Activity -
Begin at the line with "Baru-baru ini, ia" and write out every line after it, exactly, through the last line below, adding nothing.

START Source information

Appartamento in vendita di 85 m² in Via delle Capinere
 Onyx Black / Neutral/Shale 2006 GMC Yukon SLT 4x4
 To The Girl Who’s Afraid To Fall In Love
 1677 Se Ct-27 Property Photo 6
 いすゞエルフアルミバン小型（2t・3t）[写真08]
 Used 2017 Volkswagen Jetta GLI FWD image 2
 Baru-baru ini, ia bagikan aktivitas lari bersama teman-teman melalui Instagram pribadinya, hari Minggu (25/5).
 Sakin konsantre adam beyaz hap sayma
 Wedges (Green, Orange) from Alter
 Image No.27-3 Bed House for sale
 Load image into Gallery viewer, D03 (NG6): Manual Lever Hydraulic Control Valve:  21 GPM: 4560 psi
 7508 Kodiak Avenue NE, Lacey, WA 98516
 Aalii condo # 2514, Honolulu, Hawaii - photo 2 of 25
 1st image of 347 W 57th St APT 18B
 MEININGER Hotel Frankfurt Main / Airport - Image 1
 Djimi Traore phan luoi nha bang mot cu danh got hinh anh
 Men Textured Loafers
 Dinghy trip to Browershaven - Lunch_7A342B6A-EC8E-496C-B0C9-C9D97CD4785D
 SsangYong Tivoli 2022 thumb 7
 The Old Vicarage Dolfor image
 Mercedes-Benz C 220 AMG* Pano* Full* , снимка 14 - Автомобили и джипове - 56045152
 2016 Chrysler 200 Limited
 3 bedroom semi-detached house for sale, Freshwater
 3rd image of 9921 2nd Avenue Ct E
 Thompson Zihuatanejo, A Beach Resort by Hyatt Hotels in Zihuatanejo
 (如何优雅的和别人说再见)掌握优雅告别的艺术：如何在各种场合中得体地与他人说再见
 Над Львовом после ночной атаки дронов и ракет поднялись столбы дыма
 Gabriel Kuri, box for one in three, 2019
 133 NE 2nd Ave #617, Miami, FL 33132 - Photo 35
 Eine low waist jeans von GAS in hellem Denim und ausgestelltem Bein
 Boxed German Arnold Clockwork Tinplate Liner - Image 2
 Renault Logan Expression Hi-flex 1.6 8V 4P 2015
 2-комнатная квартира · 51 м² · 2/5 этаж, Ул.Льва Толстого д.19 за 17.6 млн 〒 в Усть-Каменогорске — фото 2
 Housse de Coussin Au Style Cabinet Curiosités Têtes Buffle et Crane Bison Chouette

END Source information

Your solution -
 Baru-baru ini, ia bagikan aktivitas lari bersama teman-teman melalui Instagram pribadinya, hari Minggu (25/5).
 Sakin konsantre adam beyaz hap sayma
 Wedges (Green, Orange) from Alter
 Image No.27-3 Bed House for sale
 Load image into Gallery viewer, D03 (NG6): Manual Lever Hydraulic Control Valve:  21 GPM: 4560 psi
 7508 Kodiak Avenue NE, Lacey, WA 98516
 Aalii condo # 2514, Honolulu, Hawaii - photo 2 of 25
 1st image of 347 W 57th St APT 18B
 MEININGER Hotel Frankfurt Main / Airport - Image 1
 Djimi Traore phan luoi nha bang mot cu danh got hinh anh
 Men Textured Loafers
 Dinghy trip to Browershaven - Lunch_7A342B6A-EC8E-496C-B0C9-C9D97CD4785D
 SsangYong Tivoli 2022 thumb 7
 The Old Vicarage Dolfor image
 Mercedes-Benz C 220 AMG* Pano* Full* , снимка 14 - Автомобили и джипове - 56045152
 2016 Chrysler 200 Limited
 3 bedroom semi-detached house for sale, Freshwater
 3rd image of 9921 2nd Avenue Ct E
 Thompson Zihuatanejo, A Beach Resort by Hyatt Hotels in Zihuatanejo
 (如何优雅的和别人说再见)掌握优雅告别的艺术：如何在各种场合中得体地与他人说再见
 Над Львовом после ночной атаки дронов и ракет поднялись столбы дыма
 Gabriel Kuri, box for one in three, 2019
 133 NE 2nd Ave #617, Miami, FL 33132 - Photo 35
 Eine low waist jeans von GAS in hellem Denim und ausgestelltem Bein
 Boxed German Arnold Clockwork Tinplate Liner - Image 2
 Renault Logan Expression Hi-flex 1.6 8V 4P 2015
 2-комнатная квартира · 51 м² · 2/5 этаж, Ул.Льва Толстого д.19 за 17.6 млн 〒 в Усть-Каменогорске — фото 2
 Housse de Coussin Au Style Cabinet Curiosités Têtes Buffle et Crane Bison Chouette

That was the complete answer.